Council members will meet Monday to discuss licensing and other measures which might be used to further regulate the city’s strip clubs, Councilman Bob Cameron, D-2nd, confirmed.
“We’ll test the waters. We’re going to try something,” Cameron said.
Prior to recent developments, Kokomo had six active strip clubs, which put the city first among Indiana cities in terms of strip clubs per capita.
One of those clubs, Tease, is currently operating as a bar without adult entertainment after the city issued a zoning violation against the club owners, who are contesting the issue in court.
Another club, Fantasy Girls, is temporarily closed after city officials declared the building unsafe.
Cameron said he would prefer to have all the clubs gone, and said other council members share that opinion.
“I personally would like to see something like what happened 30 years ago, when we had those adult bookstores, and all the church leaders and their congregations protested along the curb and took pictures of the people going into the stores,” said Cameron. “[The store owner] ended up closing his stores and leaving.”
Councilwoman Cindy Sanders, R-5th, has been a proponent of requiring individual licenses for adult entertainers, something King said one town in Indiana currently does. Kokomo would be the second, if the council moves in that direction.
At a December council meeting, Sanders said she felt licensing could help reduce the amount of human trafficking going on at strip clubs.
Don Draper, owner of the Hiphugger strip club, said the human trafficking claim was ludicrous.
“Good God, I’ve been here 45 years, and there’s never been any human trafficking,” said Draper. “I wouldn’t even know what that is. In Kokomo, Indiana? You’ve got to be joking.”

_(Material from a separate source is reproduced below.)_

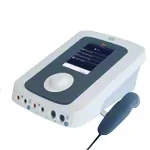 Produktbild: Enraf-Nonius Elektro-Ultraschall-Kombinationsger�t Sonopuls 492 mit gro�em Ultraschallkopf 5 cm�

“It’s just like everything else, they’re just always trying to find some way to tax you, and to find some way to get in everybody’s life.”
At the council’s behest, council attorney Corbin King gathered model ordinances from around the state that deal with various regulations on adult businesses.
King said the courts have already dealt with test cases on the issue.
“If you meet certain requirements, the courts say it’s OK. If you don’t, then it’s going to be unconstitutional,” said King.
Any city requiring licenses must grant them in a prompt manner and must allow court appeals of license denials. In other words, cities can’t simply require adult entertainers to be licensed and then refuse to issue licenses.
In December, Kokomo Mayor Greg Goodnight offered a limited endorsement of the council’s initiative.
“Anything we can do to improve that image, whether it be investment in parks and thoroughfares and education attainment level and also cleaning up anything that we think tarnishes that image, I’m going to at least hear out,” Goodnight told Indiana Public Media. “And if you make a good case, we’ll proceed.”
The council’s Health and Safety Committee will meet at 4:30 p.m. in the first floor conference room of Kokomo City Hall, 100 S. Union St. Strip club regulations will be the only agenda item, Cameron said.